Far away, in the mountains of Cuso, a 7-year-old girl confidently reads the same text in her native Quechua. Then, she reads it again in Spanish.
Here, in the isolated village of Ccochapata, it made no difference that the girl had to travel a long distance to school, or go to a school with only one teacher teaching four grades.
Grade 2: 60 words/min
Grade 3: 90 words/min
Grade 4: 110 words/min
In grade 2, she easily beat the standard of 60 words per minute set by proponents of child literacy around the world.
Her reading fluency in two languages—and the Lima boy’s lack of fluency in one—is shown in a video produced as part of a project financed by the World Bank and the United Kingdom’s Department for International Development (DFID).
The video and its message—that quality of education is as important as quantity—was part of World Bank Peru team’s effort to raise the issue of literacy during the country’s presidential campaign, says Daniel Cotlear, World Bank Country Sector Leader for Peru.
“The main impact we wanted to have was to put this on the agenda of the candidates,” he says.
And the team largely succeeded, with three of four candidates making education an election issue before former President Alan Garcia was re-elected June 5, Cotlear says.
Quality vs. Quantity
Peru has made great strides in getting children into school in recent years—in fact, more children in Peru go to school than in many countries of similar income level, says Cotlear.
But the goal of greater access to education in the country was achieved, in part, “by lowering the standards, so that what you ended up with was very high levels of coverage, but very poor quality,” he says.
The main impact we wanted to have was to put this on the agenda of the candidates, says Daniel Cotlear, World Bank Country Sector Leader for Peru.
The joint Bank, DFID-funded project, RECURSO (also known as the Peru Governance and Accountability in the Decentralized Social Sectors Project), analysed the problem as part of a larger study on coverage and quality involving not just education, but health and social assistance programs in Peru.
Of 136 grade 2 children randomly selected for the video, 35 percent weren’t able to read a single word.
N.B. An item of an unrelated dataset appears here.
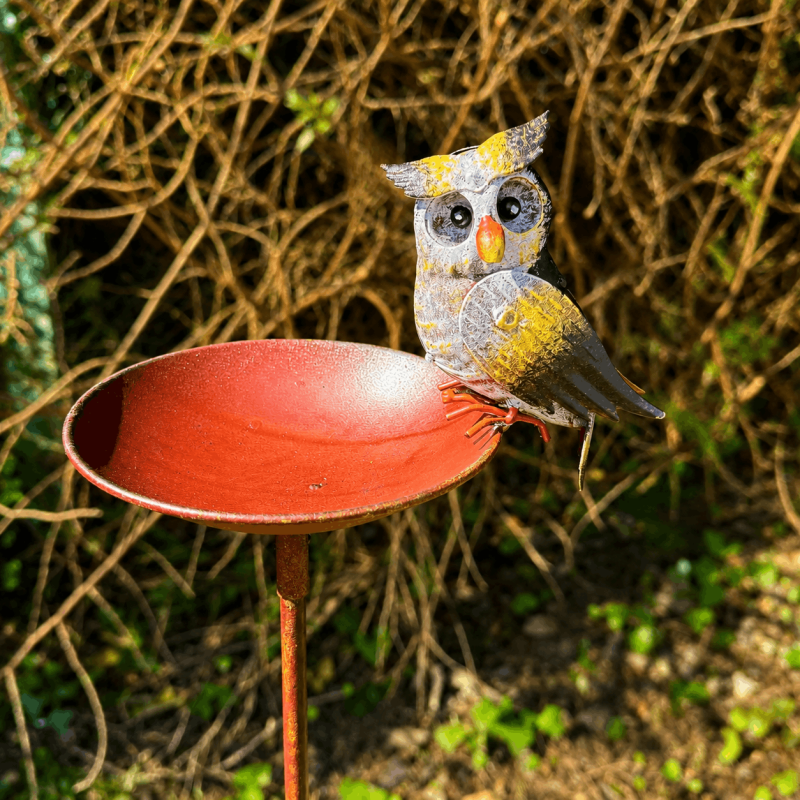 Bain d'oiseaux sur pied avec chouette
Yet, 80 percent of parents questioned were pleased with the quality of their child’s school, says Cotlear.
“The problem is that nobody really had a way of measuring the quality of the education,” he says. “In order to empower the parents, the voters, to demand greater quality of education, we needed to have a way to measure the quality of education.”
Resistance from Educators
Cotlear says the Bank team spent a year “trying to get educators to produce a standard—something that could be easily measured and understood by parents and voters.”
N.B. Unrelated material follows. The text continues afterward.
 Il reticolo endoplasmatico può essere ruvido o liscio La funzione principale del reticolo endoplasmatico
But that wasn’t easy and has not been easy in other Andean countries, he says.
“What we generally find is there’s a lot of resistance from the educators against producing clear, accountable, measurable, standards.”
Cotlear says Peru’s education establishment, including the teacher’s union, argued against a reading standard, saying that “education is about many things, it’s not just reading,” and children’s understanding is more important than they how fast they read.
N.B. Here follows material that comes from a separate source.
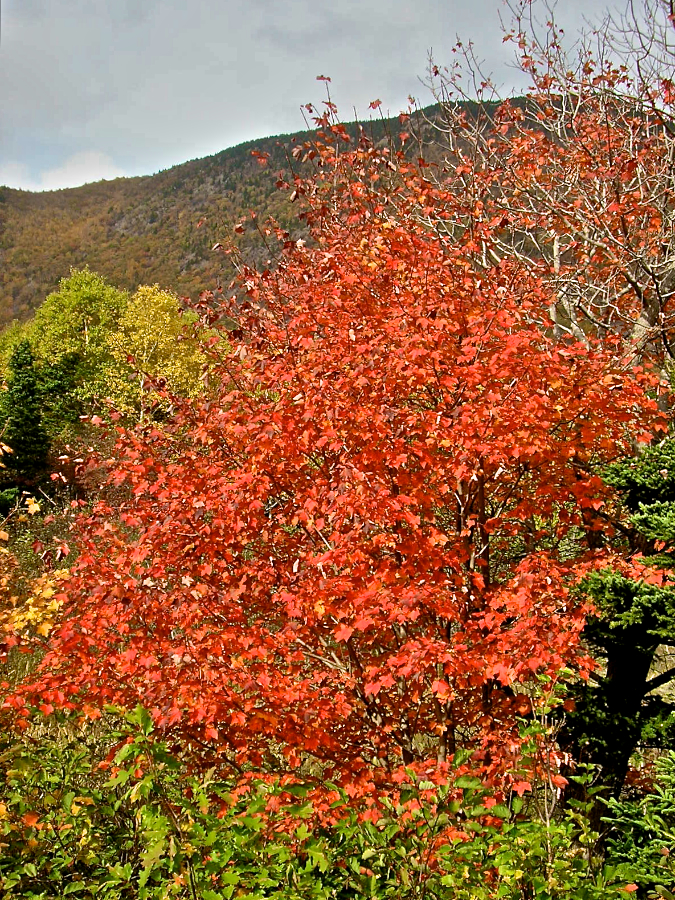 Red Tree on the Bay St Lawrence Road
“Or they would say that it’s not just reading that is important—we want them to be entrepreneurial,” he adds. “Others would say this is a very diverse country, so you cannot expect an urban child and a rural indigenous child to be measured and respond to the same standard.”
The arguments against standards prompted the team to make the video, says Cotlear.
“When you see at the beginning children trying to read and not being able to, and you feel how they’re trying to please you, and how disappointed and nervous they are because they cannot read, that really breaks your heart,” he says.
“And it really tells you that these kids should be getting more from the establishment that’s supposed to help them read.”
“There’s a minimum degree of fluency required to have some understanding,” Cotlear adds. “And it’s also obvious that you cannot be entrepreneurial or have any other educational qualities unless you can read.”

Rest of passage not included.